In our efforts to continuously improve our product we deployed a change that had an unforeseen negative performance impact. Unfortunately, this change caused downtime in one of our European clusters.

The length of the outage was due to the fact the newly introduced feature has been deployed multiple hours earlier, making it harder to pinpoint as the root cause of the issue affecting only one cluster.

After we found the root cause we reverted the change and the main database required some time to recover.

We sincerely apologize for the inconvenience. To avoid this kind of situation in the future, we will rely more and more on progressive rollouts and performance testing when releasing new features.

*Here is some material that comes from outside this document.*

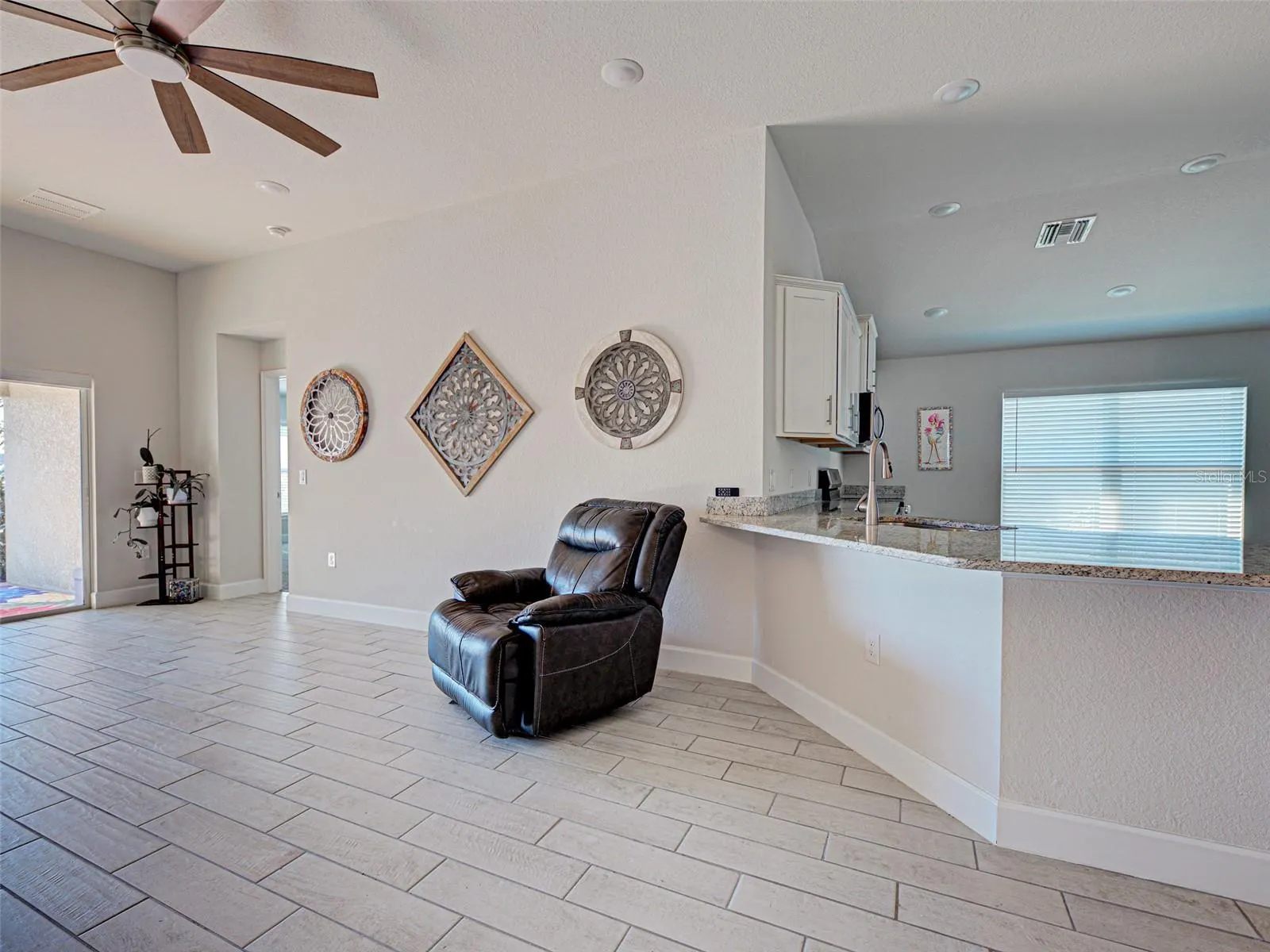 2551 AVERLAND LOOP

Posted Sep 02, 2022 - 19:54 UTC

Resolved

This incident has been resolved.

Posted Aug 30, 2022 - 23:53 UTC

Monitoring

We have resolved the incident and all delayed messages are caught up, we are continuing to monitor the situation.

Posted Aug 30, 2022 - 19:34 UTC

Update

We are continuing to investigate this issue.

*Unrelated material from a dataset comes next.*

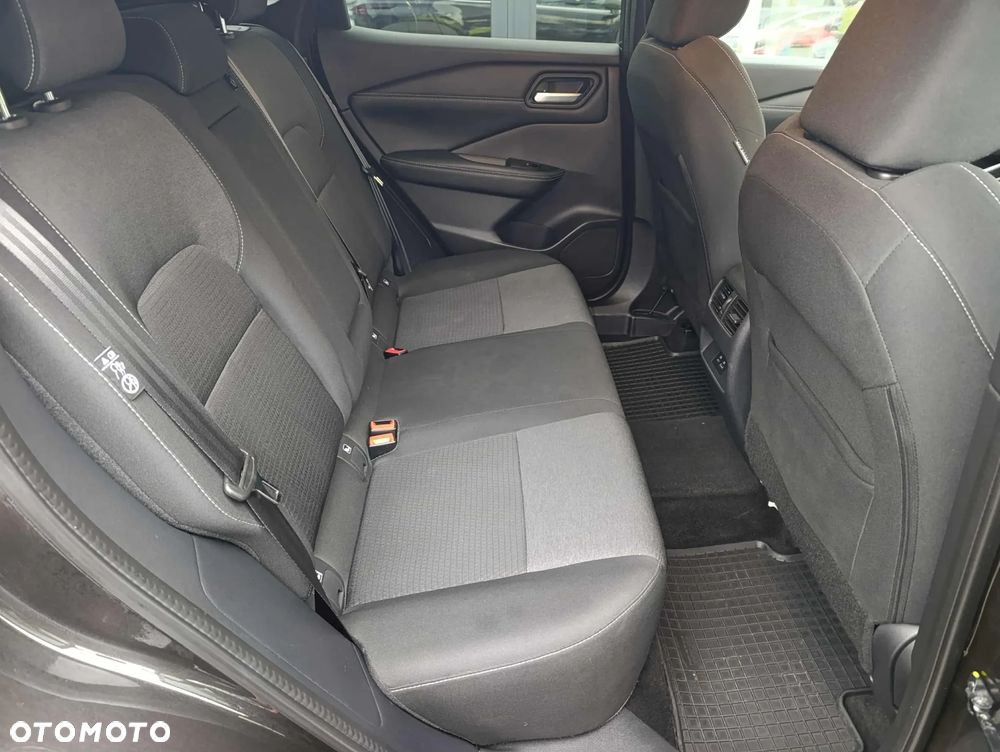 Nissan Qashqai 1.3 DIG-T N-Connecta DCT - 11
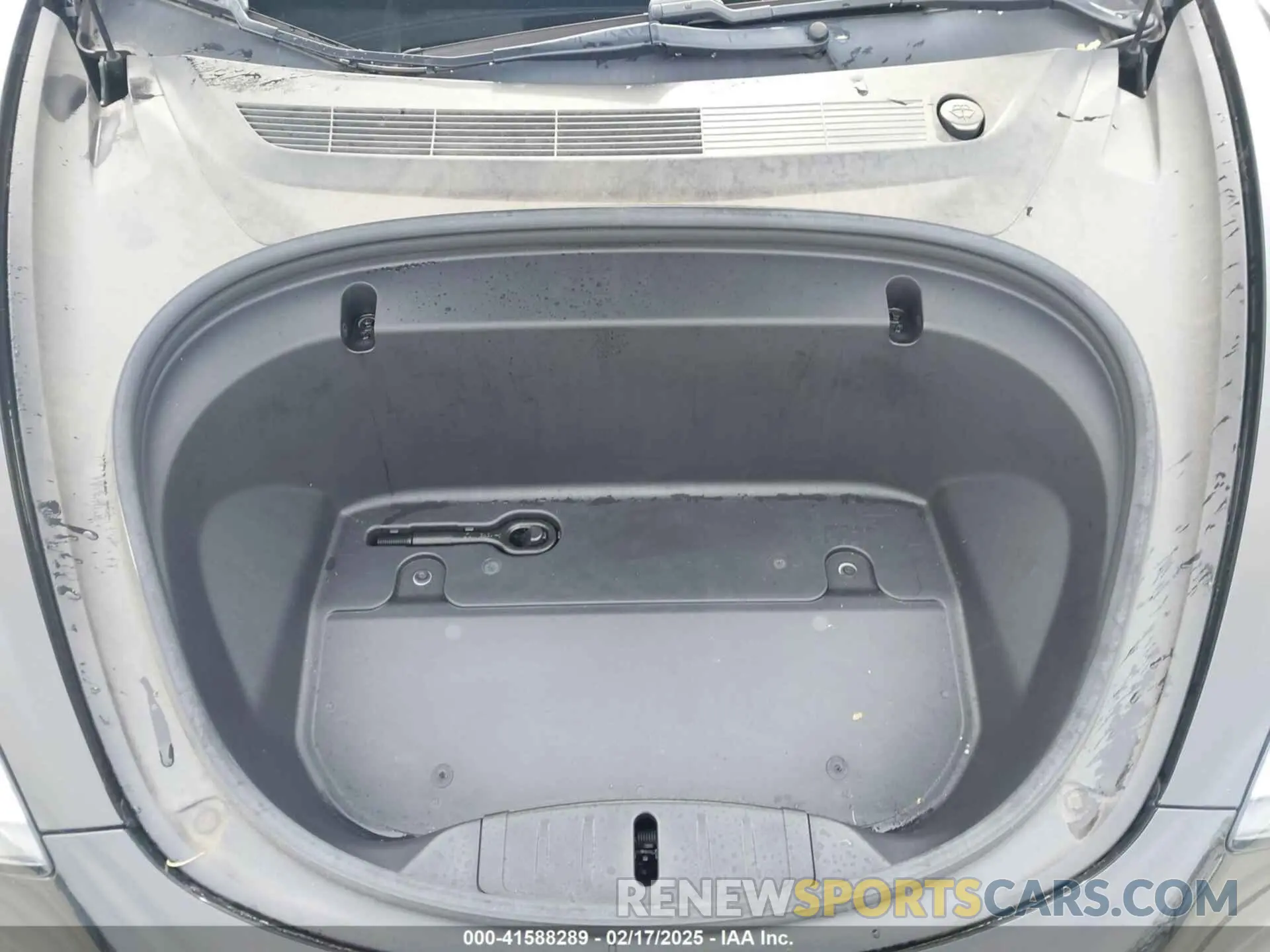 10 Photograph of a damaged car 5YJ3E1EB7LF599886 TESLA MODEL 3 2020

Posted Aug 30, 2022 - 15:31 UTC

Update

We are still investigating this issue. The main database is much slower than usual, slowing the whole platform down.

Posted Aug 30, 2022 - 13:52 UTC

Investigating

We are currently investigating this issue.

Posted Aug 30, 2022 - 11:45 UTC

This incident affected: Helpdesk (REST API, Web App, Mobile Apps), Helpdesk Integrations (Email, Gmail, Shopify integration), and Helpdesk Clusters (us-east1-2607, europe-west3-86c1, us-central1-d8ff).